##### MATERIAL FOR THIS EXERCISE #####
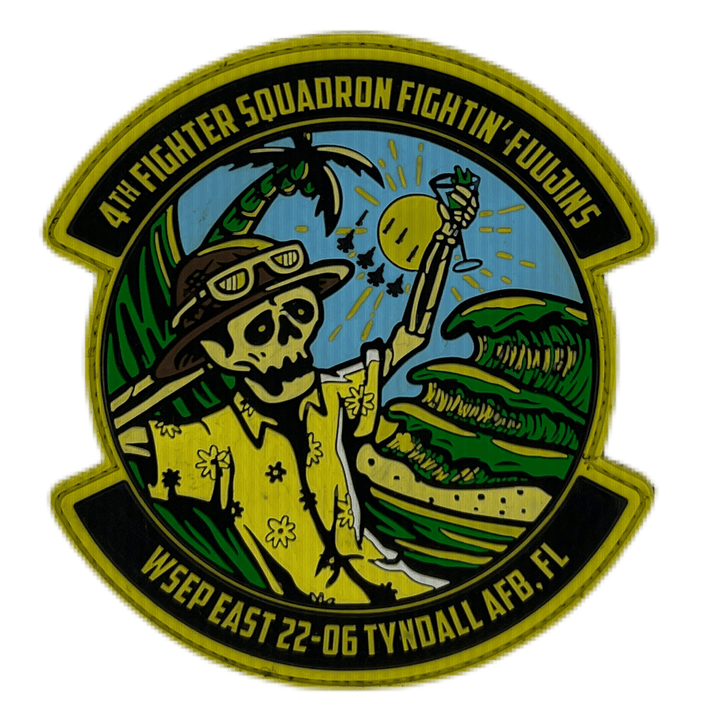 4 FS WSEP Skeleton PVC Patch - Badass Patches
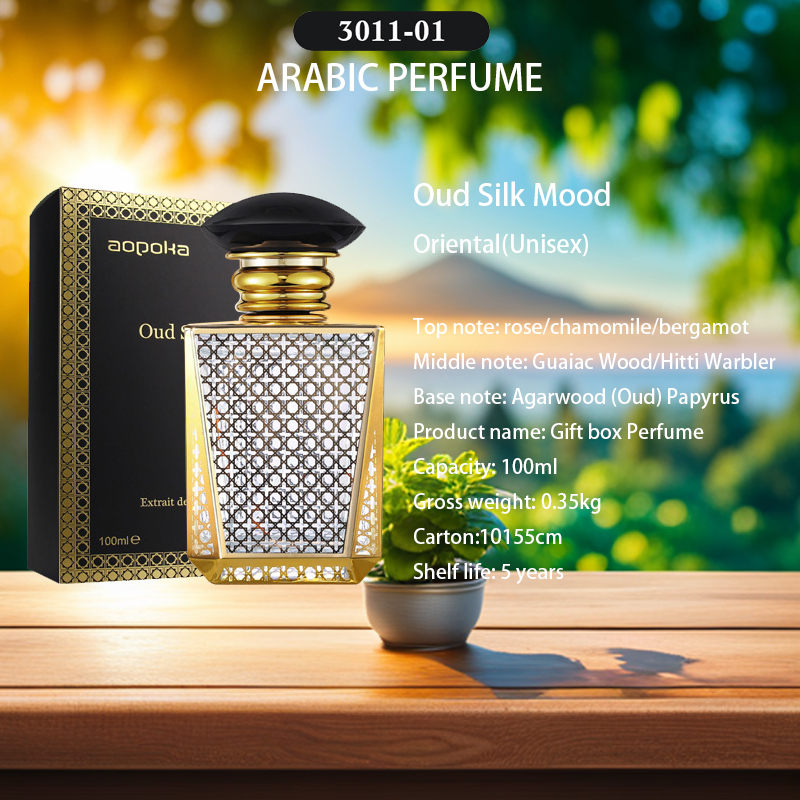 4 Arabic perfumes (100ml), unisex perfumes, fresh, gentle, charming and awakening the senses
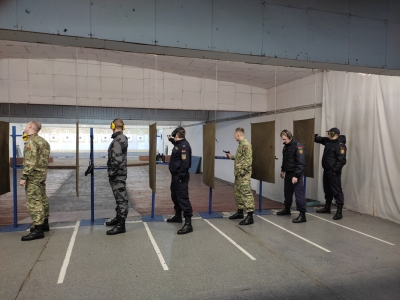 Команда Могилевского института МВД стала победителем в областном чемпионате по стрельбе пулевой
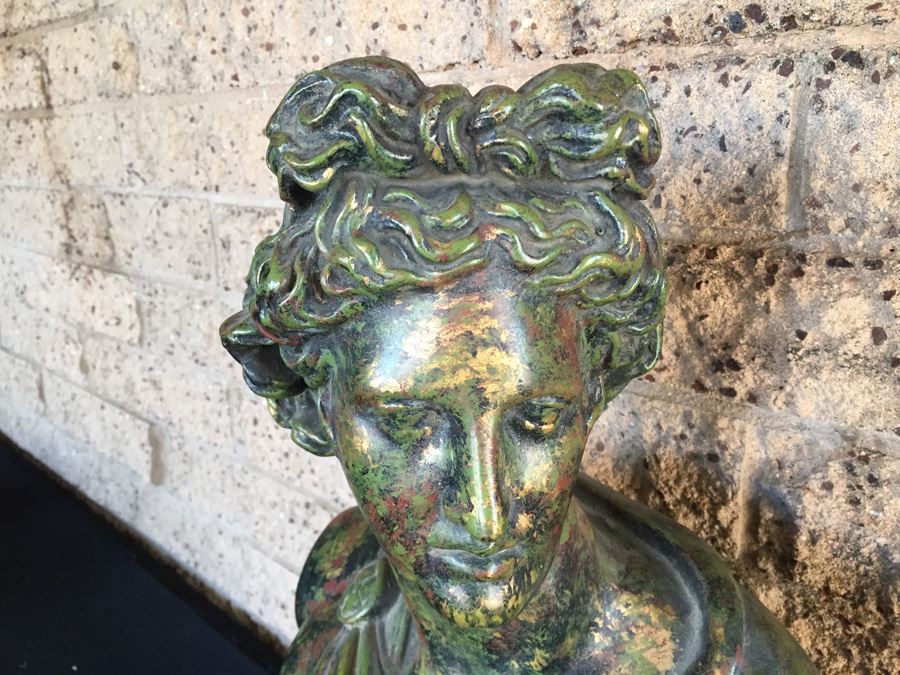 Painted Ceramic Bust Titled B. Apollo [Photo 6]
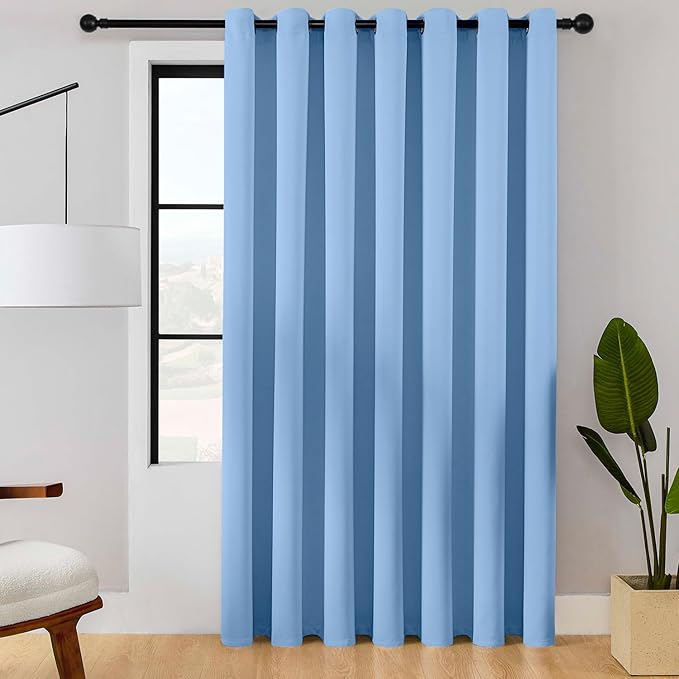 ChrisDowa Room Divider Curtain 84 Inches Long, Wide Blackout Sliding Door by ChrisDowa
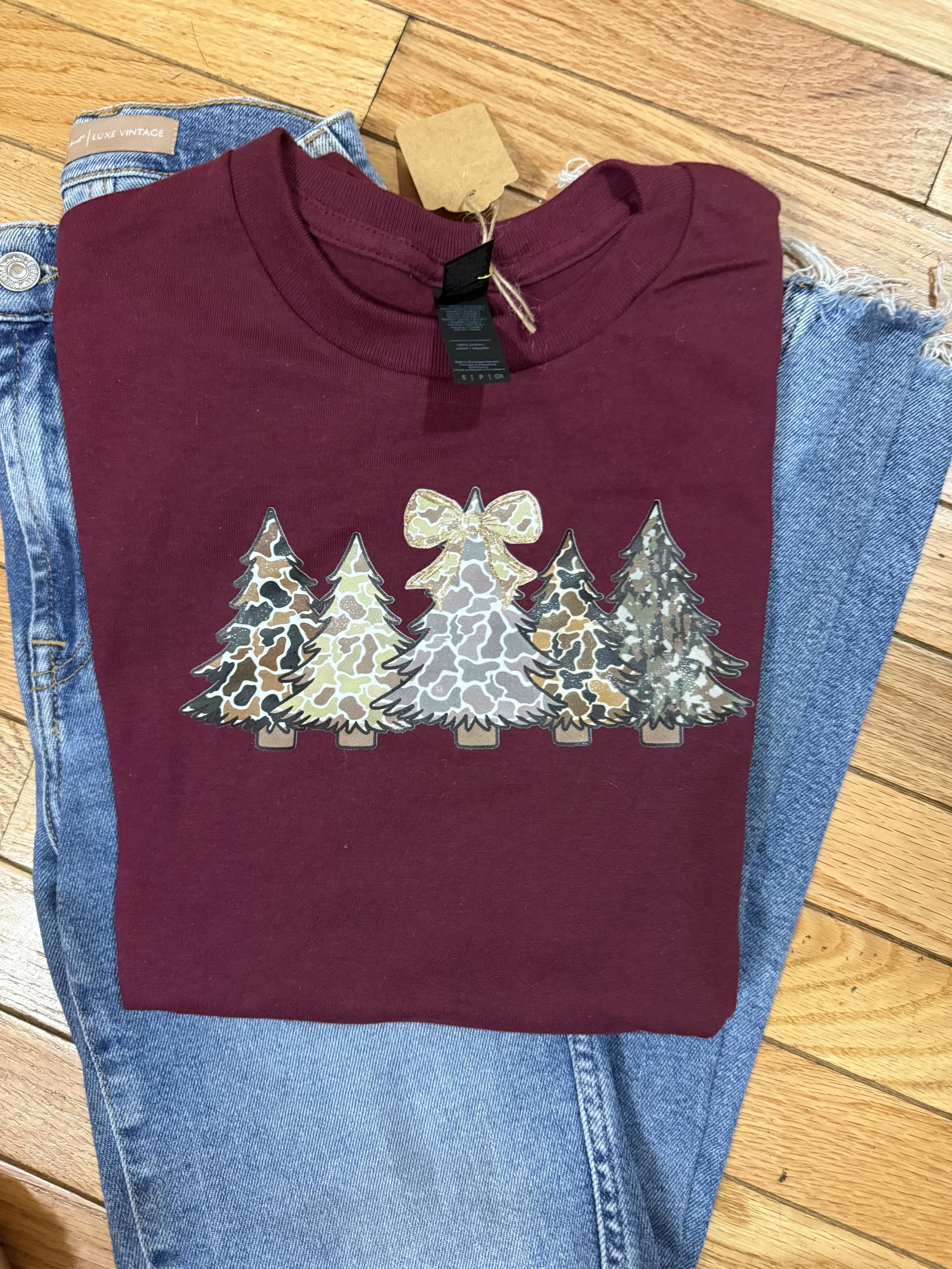 Camo Christmas Forest Tee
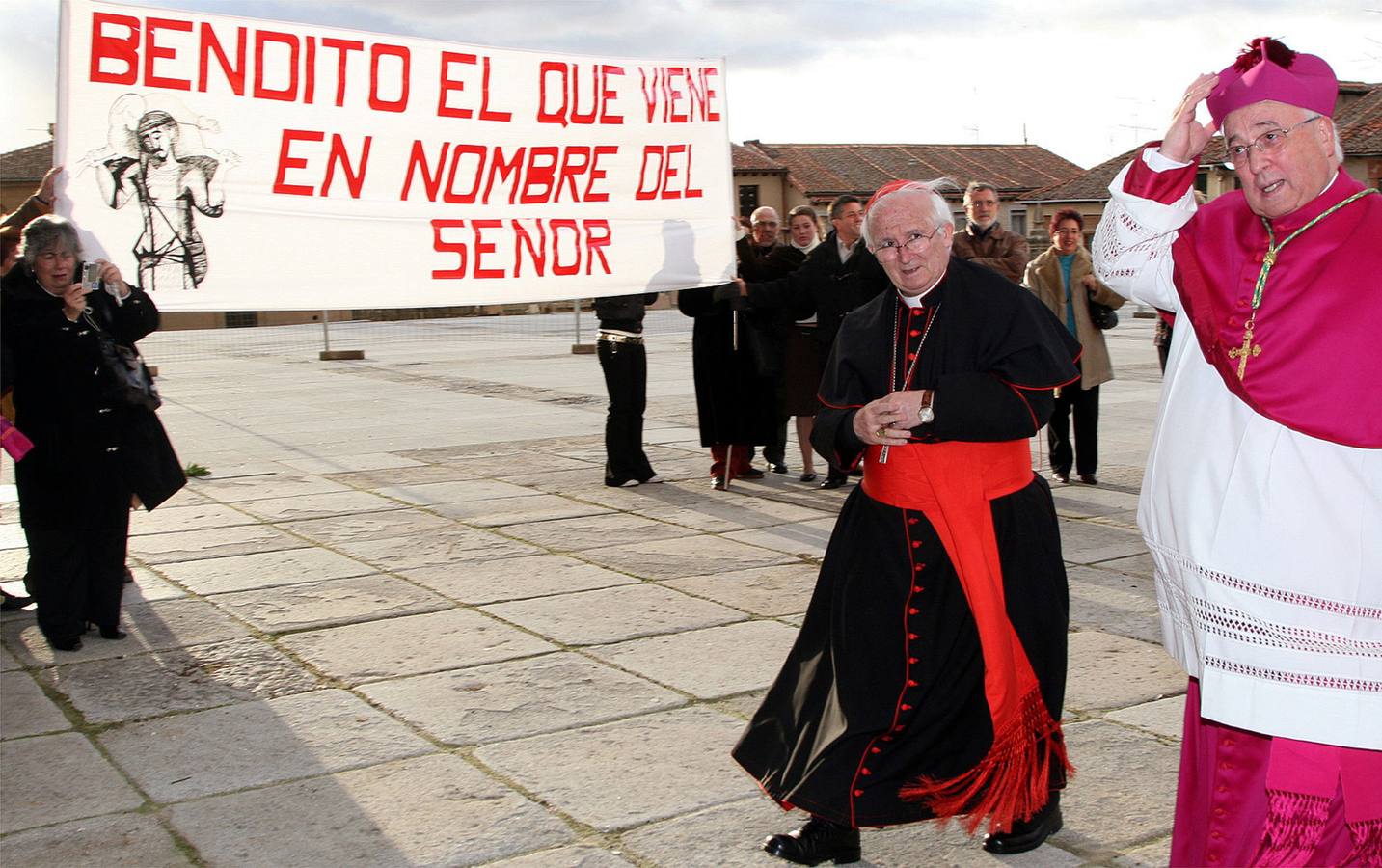 El obispo de Segovia, Ángel Rubio.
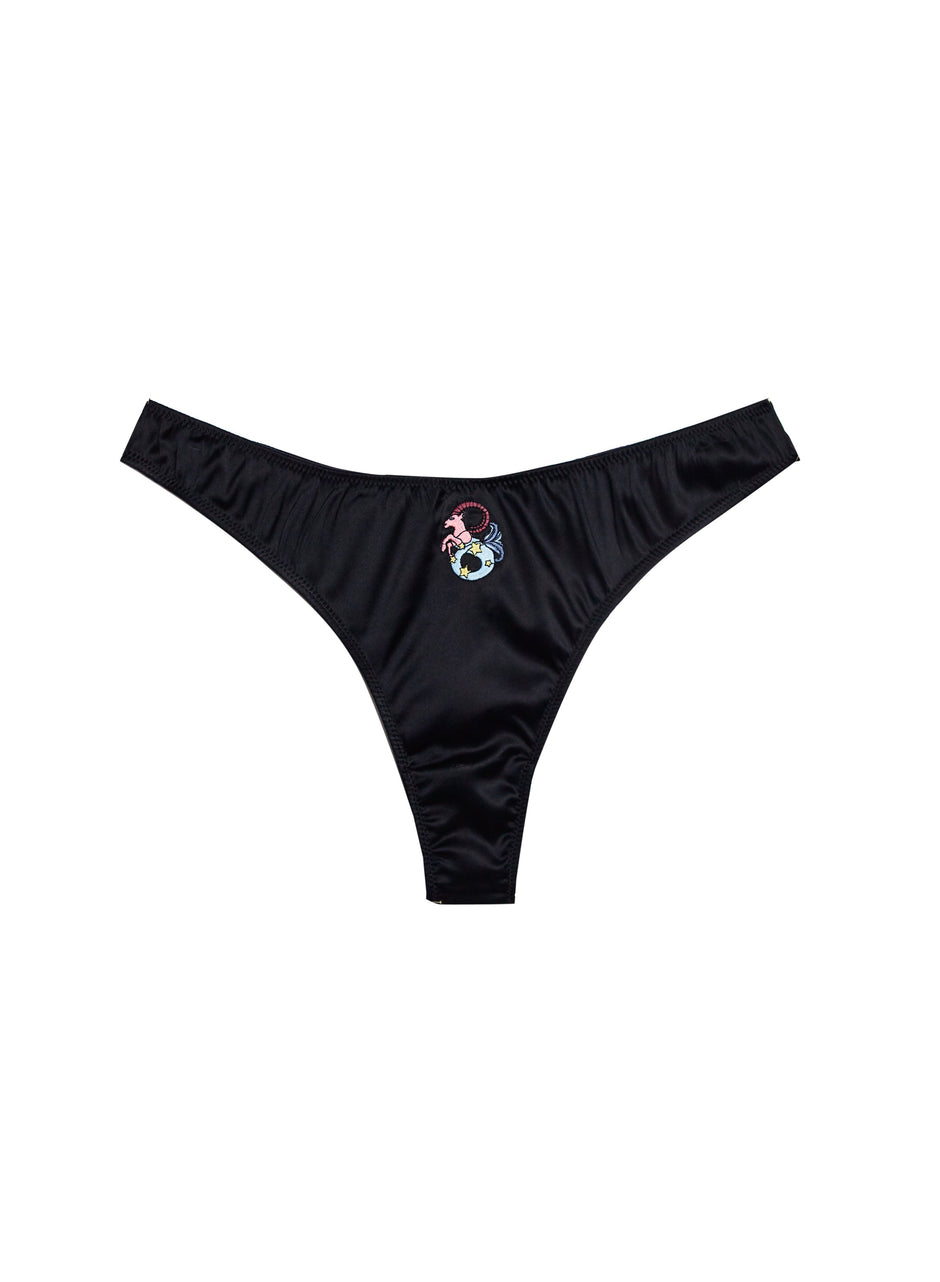 Capricorn - Capricorn Zodiac Thong | Fleur du Mal - DEMO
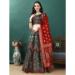 Picture of Gorgeous Silk Sea Green Lehenga Choli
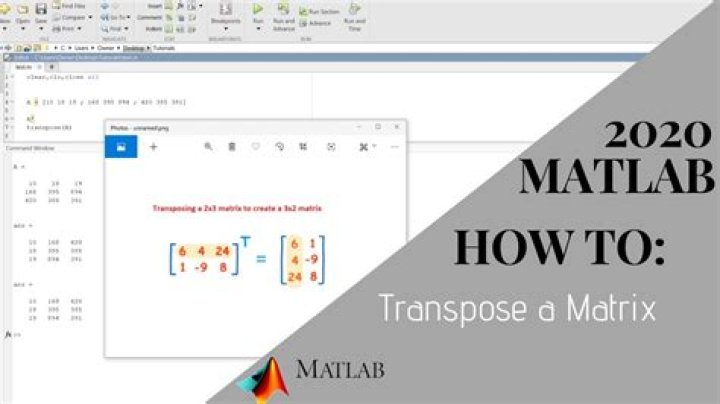 How do you transpose a matrix in Matlab?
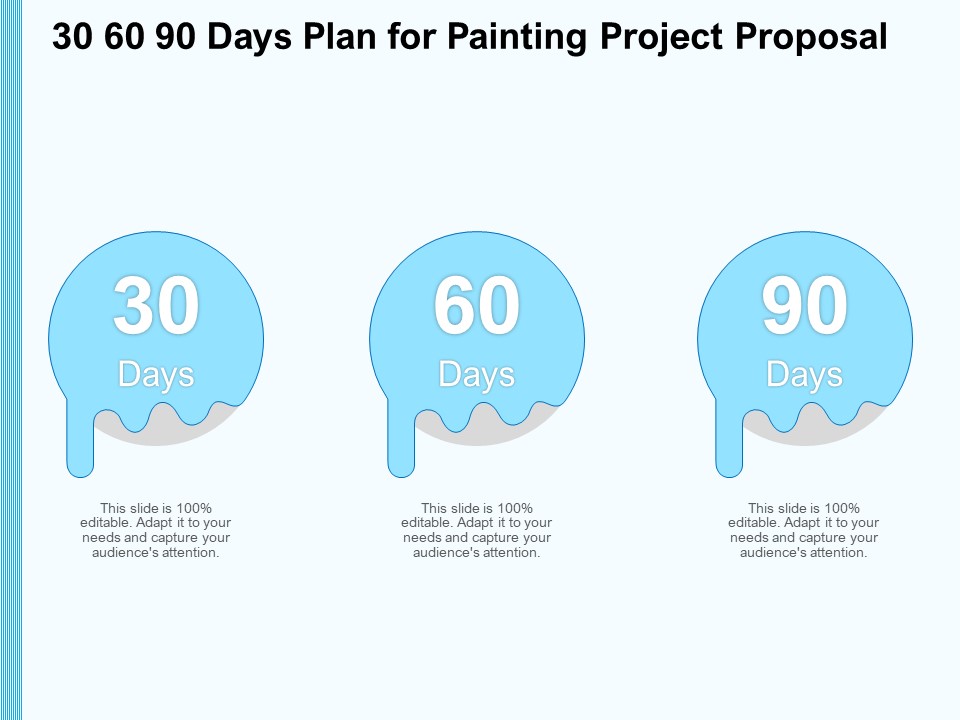 Whitewash Service 30 60 90 Days Plan For Painting Project Proposal Ppt Infographic Template Slide Portrait PDF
#####
EXERCISE OBJECTIVE
The answer should be the complete listing, set down exactly, without pictures.

SOLUTION BELOW
 4 FS WSEP Skeleton PVC Patch - Badass Patches
 4 Arabic perfumes (100ml), unisex perfumes, fresh, gentle, charming and awakening the senses
 Команда Могилевского института МВД стала победителем в областном чемпионате по стрельбе пулевой
 Painted Ceramic Bust Titled B. Apollo [Photo 6]
 ChrisDowa Room Divider Curtain 84 Inches Long, Wide Blackout Sliding Door by ChrisDowa
 Camo Christmas Forest Tee
 El obispo de Segovia, Ángel Rubio.
 Capricorn - Capricorn Zodiac Thong | Fleur du Mal - DEMO
 Picture of Gorgeous Silk Sea Green Lehenga Choli
 How do you transpose a matrix in Matlab?
 Whitewash Service 30 60 90 Days Plan For Painting Project Proposal Ppt Infographic Template Slide Portrait PDF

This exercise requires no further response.